MADANINEWS.ID, JAKARTA – Pemerintah terus menggenjot persiapan penyelenggaraan ibadah haji 2025. Menteri Agama Nasaruddin Umar, yang ditunjuk sebagai Amirul Hajj, menegaskan komitmen penuh pemerintah dalam memastikan kelancaran ibadah tahunan umat Islam ini.
Dalam rapat koordinasi bersama Tim Amirul Hajj di Kantor Kementerian Agama, Lapangan Banteng, Jakarta, Selasa (13/5/2025), Nasaruddin menekankan pentingnya sistem komunikasi yang cepat dan menyeluruh di lapangan.
“Semua isu-isu yang berkembang di seluruh lokasi harus otomatis akan online dengan Amirul Hajj. Jadi tidak ada satu isu yang tidak diketahui oleh anggota Amirul Hajj, kita segera membuat grup chat WhatsApp,” jelasnya.
Selain itu, Menag juga mengungkapkan bahwa otoritas Arab Saudi kini semakin memperketat akses ke Masjidil Haram. Bahkan dirinya sendiri sempat tertahan karena belum mengantongi visa haji.
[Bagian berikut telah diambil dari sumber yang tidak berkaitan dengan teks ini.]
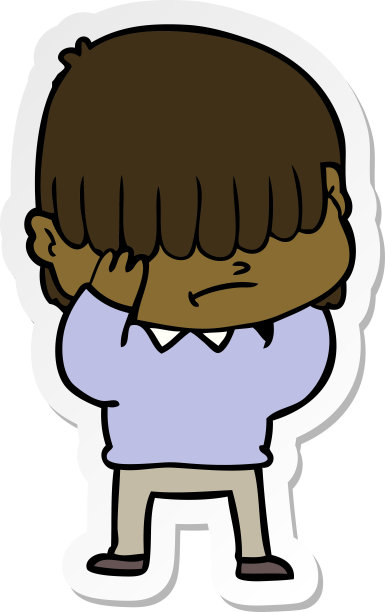 一个头发凌乱的卡通男孩的贴纸图片下载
“Saya bahkan sempat tidak bisa masuk, karena belum terbit visa haji. Visa diplomat pun tidak bisa, baru bisa masuk karena saya dikawal oleh pengawal kerajaan,” ungkapnya.
Situasi ini membuat diplomasi menjadi bagian penting dalam peran Amirul Hajj. Menag mengaku harus turun tangan langsung menyampaikan penjelasan kepada pihak Kedutaan Besar Arab Saudi di Jakarta.
“Saya jelaskan kepada Kedutaan Besar Arab Saudi bahwa polemik yang terjadi adalah akibat visa jemaah haji yang belum keluar. Merespon itu, agar kursi pesawat tidak kosong, maka jemaah yang sudah siap, diberangkatkan mengisi kursi kosong itu,” katanya.
Masukan juga datang dari Kepala Badan Penyelenggara Haji, Irfan Yusuf, yang juga menjabat Naib Amirul Hajj. Ia menyarankan agar tim yang ada bisa disebar ke berbagai embarkasi agar lebih dekat dengan para jemaah.
“Kalau kita sesuaikan dengan tim yang 15 orang ini, mungkin agar bisa disebar ke berbagai embarkasi agar jemaah merasa didampingi,” ucapnya.
Menag pun meminta agar seluruh anggota Amirul Hajj aktif mencatat setiap temuan dan solusi selama di lapangan. Data itu nantinya akan dihimpun dalam sebuah dokumen besar sebagai bahan evaluasi nasional.
“Kami akan membuat semacam buku besar, yang diharapkan dari A sampai Z semua ada. Termasuk juga implementasi masalah yang ada di dalam pelaksanaan haji,” tegasnya.
Nasaruddin juga menekankan pentingnya sinergi dan kepedulian di antara anggota Amirul Hajj agar semua masalah bisa segera direspons.
“Kita siapkan anggota yang bisa menjadi ujung tombak untuk segera merealisasikan temuan-temuannya,” tutup Menag.